Video Arts
These videos are part of larger installations within Project Cinema City. In the exhibition format the videos get layered with other materiality and achieved a 3-d presence. Yet they are quite autonomous as single channel videos.
Of Panorama, 10 mins, Silent
Animation video by Archana Hande.
The cityscape changes by the day and so are the fantasies of the citizens. In the collective memory, images of the cityscape that have been lost forever and the city of fantasy that always remains just outside one’s reach jumble up to become a series of dream-like lines, textures and colours.
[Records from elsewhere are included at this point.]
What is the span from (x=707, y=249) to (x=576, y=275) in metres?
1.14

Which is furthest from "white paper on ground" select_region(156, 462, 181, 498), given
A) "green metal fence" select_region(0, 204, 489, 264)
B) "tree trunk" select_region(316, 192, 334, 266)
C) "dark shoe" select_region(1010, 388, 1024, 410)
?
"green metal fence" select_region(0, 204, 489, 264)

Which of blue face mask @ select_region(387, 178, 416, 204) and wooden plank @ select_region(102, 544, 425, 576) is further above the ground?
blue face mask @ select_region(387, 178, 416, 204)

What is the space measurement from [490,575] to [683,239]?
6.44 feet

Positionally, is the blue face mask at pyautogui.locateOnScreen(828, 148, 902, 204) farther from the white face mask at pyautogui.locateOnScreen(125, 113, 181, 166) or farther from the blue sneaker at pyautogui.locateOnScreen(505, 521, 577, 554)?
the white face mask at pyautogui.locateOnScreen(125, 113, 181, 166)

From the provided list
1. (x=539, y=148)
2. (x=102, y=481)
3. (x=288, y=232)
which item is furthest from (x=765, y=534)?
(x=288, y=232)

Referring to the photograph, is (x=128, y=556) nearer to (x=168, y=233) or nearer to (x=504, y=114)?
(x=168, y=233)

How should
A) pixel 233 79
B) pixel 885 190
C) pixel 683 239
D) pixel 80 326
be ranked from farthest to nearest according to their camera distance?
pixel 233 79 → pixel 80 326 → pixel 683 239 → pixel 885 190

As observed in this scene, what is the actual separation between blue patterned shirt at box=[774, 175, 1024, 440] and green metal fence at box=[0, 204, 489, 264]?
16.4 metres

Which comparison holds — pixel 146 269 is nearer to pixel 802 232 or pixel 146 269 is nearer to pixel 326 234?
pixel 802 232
Of Panorama, the animation film comprises of 15000 water colour paintings on the history of urbanization and development. The film portrays the city as a natural port and traces its changes through the period of aggressive urbanization and the mayhem of real estate speculation of the 19th and the 20th century and then make a speculation for the 21st century. The water colour paintings refer to the convention of landscape painting as well as cinematic framing of cityscapes.
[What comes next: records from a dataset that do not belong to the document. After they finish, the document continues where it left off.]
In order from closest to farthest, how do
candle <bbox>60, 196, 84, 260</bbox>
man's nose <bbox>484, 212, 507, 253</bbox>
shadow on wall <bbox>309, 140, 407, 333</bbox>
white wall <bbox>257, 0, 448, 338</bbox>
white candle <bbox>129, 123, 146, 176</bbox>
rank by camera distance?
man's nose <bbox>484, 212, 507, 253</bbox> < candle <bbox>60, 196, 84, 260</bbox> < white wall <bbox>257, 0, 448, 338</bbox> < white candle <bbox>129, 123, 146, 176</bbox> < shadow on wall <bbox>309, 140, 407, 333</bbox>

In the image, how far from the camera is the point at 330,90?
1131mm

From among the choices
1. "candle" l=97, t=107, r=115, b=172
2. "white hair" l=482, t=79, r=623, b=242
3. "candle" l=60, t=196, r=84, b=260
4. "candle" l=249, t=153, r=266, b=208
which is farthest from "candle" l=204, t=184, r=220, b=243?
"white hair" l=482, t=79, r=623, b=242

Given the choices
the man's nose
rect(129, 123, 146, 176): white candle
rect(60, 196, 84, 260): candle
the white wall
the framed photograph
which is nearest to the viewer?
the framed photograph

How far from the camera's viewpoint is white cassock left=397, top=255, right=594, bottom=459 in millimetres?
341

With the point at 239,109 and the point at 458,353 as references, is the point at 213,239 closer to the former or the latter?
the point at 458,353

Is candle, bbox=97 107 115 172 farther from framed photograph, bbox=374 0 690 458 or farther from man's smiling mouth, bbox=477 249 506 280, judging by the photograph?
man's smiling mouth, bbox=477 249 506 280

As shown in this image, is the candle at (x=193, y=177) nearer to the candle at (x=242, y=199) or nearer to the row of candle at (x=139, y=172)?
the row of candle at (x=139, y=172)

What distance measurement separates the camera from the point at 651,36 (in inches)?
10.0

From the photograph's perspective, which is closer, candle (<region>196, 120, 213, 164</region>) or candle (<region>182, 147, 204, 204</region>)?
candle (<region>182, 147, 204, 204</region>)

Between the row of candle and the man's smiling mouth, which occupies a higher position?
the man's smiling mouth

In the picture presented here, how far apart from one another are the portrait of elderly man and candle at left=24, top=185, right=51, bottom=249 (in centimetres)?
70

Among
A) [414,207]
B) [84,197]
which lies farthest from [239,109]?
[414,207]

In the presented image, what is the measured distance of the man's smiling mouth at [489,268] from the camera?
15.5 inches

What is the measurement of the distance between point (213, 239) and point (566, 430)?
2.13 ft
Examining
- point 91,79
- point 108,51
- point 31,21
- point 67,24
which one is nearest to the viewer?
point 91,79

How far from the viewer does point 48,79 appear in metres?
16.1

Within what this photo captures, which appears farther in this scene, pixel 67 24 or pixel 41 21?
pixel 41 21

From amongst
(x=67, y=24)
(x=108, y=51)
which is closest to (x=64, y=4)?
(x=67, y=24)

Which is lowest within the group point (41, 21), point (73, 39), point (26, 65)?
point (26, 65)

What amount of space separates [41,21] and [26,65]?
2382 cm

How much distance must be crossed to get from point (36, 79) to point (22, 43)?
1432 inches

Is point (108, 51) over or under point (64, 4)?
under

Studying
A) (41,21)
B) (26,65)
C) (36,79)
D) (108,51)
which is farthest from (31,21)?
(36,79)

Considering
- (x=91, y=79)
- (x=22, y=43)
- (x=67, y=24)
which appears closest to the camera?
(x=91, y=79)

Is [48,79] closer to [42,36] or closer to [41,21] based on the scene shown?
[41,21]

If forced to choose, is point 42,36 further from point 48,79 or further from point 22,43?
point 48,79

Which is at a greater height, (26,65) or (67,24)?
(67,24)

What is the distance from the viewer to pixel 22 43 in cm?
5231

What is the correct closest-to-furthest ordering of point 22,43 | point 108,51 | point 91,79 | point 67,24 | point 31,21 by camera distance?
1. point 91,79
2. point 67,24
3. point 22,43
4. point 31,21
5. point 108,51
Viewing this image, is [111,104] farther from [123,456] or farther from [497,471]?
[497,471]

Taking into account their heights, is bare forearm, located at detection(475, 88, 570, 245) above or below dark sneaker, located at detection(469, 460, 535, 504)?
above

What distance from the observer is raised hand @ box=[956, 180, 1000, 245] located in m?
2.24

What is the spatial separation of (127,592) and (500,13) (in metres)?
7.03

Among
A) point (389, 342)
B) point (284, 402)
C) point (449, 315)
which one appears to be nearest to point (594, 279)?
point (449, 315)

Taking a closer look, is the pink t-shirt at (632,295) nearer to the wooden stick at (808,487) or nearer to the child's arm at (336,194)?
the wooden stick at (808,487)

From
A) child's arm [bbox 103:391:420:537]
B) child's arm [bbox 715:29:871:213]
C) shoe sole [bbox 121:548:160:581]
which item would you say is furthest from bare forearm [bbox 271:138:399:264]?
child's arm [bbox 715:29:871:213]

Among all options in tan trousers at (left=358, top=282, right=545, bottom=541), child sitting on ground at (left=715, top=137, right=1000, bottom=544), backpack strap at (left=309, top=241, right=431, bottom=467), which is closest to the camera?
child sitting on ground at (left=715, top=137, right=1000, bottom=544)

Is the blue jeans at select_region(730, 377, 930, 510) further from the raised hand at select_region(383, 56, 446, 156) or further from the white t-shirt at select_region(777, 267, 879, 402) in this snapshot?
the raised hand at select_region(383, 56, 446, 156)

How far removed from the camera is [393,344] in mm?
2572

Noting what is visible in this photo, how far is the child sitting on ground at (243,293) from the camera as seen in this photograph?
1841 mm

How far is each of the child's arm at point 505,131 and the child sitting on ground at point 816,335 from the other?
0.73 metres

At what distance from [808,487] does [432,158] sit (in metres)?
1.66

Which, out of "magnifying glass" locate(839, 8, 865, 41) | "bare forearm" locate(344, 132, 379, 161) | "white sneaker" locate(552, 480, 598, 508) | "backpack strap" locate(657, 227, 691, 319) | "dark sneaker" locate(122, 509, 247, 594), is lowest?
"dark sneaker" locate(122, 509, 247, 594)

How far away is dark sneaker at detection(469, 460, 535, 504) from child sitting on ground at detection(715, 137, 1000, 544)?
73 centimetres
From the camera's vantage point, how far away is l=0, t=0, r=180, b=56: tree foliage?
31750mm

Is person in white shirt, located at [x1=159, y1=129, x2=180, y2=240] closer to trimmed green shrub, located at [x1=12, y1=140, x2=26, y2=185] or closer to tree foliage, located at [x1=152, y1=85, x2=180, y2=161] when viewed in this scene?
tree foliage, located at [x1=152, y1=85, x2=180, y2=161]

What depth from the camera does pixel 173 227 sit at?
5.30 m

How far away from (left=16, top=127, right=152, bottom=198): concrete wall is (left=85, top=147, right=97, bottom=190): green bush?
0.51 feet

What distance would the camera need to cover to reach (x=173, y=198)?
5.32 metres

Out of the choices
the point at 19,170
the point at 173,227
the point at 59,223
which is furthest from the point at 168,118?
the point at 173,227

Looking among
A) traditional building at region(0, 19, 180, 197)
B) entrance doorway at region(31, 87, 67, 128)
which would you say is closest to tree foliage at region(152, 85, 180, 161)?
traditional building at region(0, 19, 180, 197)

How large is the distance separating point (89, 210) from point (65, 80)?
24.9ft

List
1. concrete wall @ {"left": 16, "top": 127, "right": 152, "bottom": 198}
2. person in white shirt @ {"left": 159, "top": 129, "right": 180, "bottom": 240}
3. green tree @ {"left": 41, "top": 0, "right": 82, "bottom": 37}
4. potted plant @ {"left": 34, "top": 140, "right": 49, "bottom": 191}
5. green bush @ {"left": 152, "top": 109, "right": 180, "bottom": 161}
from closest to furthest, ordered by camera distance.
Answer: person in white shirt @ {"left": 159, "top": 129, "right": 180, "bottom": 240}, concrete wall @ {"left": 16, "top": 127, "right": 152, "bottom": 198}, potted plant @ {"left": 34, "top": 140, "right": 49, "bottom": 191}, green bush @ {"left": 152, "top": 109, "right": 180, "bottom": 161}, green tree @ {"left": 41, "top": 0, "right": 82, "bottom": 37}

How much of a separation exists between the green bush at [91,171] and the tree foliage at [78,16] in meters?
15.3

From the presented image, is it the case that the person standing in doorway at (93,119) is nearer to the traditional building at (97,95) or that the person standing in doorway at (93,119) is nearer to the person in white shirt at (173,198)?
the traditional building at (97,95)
Women viewing Cinema, 12 mins
found footage / material video.
Graphics by Simran Dhaliwal
Motion graphics by Abeer Gupta.
This video is part of an installation on cinema’s journey from Studio to Theatres.
In this video women spectators from diverse social background and across age groups narrate their corporeal relationship with cinema. They talk about the sensorial experience of viewing cinema in large magnification, which also includes the logistic aspects of visiting the theatre, architectural and infrastructural features of the theatre, the sociality of public place activities, issues of urban development and so on.
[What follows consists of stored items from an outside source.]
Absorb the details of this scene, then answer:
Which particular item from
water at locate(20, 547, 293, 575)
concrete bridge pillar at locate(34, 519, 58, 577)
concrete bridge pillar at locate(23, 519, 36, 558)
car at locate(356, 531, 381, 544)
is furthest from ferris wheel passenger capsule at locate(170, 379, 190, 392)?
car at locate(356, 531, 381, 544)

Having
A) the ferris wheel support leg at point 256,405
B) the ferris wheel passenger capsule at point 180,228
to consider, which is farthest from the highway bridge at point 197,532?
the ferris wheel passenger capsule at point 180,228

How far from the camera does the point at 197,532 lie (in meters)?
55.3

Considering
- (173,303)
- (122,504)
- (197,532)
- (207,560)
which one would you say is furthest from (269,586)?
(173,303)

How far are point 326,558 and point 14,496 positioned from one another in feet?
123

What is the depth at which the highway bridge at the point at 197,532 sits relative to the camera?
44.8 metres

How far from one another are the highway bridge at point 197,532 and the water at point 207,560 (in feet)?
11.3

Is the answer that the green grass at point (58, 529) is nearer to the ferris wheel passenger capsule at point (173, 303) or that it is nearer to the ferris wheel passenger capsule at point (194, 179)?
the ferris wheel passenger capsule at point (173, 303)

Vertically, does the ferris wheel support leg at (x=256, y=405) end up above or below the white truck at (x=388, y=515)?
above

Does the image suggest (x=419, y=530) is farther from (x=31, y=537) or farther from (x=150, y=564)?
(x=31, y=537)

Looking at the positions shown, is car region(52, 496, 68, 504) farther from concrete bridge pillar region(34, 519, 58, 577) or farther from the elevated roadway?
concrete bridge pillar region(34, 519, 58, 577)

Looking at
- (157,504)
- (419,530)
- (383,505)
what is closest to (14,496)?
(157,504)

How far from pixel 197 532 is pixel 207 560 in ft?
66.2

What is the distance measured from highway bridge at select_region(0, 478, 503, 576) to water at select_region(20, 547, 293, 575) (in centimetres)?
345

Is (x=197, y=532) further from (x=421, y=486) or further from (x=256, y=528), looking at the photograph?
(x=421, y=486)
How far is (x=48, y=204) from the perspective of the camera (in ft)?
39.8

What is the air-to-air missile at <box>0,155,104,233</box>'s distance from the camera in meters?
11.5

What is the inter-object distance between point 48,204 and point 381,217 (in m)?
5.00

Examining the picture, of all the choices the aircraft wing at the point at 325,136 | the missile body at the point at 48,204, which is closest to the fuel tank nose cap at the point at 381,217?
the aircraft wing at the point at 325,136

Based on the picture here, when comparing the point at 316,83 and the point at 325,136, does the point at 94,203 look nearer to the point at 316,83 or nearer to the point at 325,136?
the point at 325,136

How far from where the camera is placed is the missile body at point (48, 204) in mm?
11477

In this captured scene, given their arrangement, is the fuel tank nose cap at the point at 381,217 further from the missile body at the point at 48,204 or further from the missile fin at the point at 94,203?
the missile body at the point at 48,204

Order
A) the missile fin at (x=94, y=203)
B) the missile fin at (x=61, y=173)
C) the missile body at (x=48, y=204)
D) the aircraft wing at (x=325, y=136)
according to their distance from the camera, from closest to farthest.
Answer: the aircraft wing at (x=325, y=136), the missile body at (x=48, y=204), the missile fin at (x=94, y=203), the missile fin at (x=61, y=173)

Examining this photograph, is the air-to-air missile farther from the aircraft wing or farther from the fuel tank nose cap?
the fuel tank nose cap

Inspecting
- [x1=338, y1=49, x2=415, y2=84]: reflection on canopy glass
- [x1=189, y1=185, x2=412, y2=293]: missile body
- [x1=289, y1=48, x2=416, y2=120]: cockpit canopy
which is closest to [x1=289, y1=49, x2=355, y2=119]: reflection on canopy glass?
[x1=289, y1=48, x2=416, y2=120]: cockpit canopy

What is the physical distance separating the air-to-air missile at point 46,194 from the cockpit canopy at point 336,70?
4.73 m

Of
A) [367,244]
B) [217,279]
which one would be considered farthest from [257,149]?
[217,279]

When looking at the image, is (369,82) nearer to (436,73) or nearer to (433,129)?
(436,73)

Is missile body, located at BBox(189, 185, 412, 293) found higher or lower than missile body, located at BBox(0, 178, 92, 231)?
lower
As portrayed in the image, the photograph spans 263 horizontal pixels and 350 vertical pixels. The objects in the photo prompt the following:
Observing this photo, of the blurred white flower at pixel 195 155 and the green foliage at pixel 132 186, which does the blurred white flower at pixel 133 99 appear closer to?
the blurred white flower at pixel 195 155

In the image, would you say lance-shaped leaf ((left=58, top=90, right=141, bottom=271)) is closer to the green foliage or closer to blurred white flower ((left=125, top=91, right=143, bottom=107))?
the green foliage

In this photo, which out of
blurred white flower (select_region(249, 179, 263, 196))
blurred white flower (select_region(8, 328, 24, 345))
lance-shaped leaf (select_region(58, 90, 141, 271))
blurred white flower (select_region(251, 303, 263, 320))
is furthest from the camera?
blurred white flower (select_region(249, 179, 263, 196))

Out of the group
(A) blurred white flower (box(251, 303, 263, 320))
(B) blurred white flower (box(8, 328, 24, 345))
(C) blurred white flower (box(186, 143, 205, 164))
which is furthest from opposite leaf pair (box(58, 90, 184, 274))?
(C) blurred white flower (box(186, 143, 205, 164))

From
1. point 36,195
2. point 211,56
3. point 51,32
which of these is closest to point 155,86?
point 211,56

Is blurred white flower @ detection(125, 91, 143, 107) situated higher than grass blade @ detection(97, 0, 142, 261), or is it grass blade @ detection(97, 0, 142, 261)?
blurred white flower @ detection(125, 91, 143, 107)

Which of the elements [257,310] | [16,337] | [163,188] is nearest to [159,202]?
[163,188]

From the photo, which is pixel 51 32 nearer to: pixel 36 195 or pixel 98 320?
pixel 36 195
For more on Women and Cinema
ID Cards, 3.15 min
The film industries in India are neither governed by the norms of manufacturing industry or service industry nor are they considered as a full fledged informal sector. The aspect of intense desire to be inside the glamour world of cinema, on part of the migrant aspirants, makes this enterprise unique. Hence its ways to manage its labour force are also quite unprecedented. The labour unions, in this case, function more as gatekeepers to keep the aspirants at bay than as protectors of rights.
This video is edited by Mamta Murthy and Rikhav Desai. It is part of the installation The Western Suburb.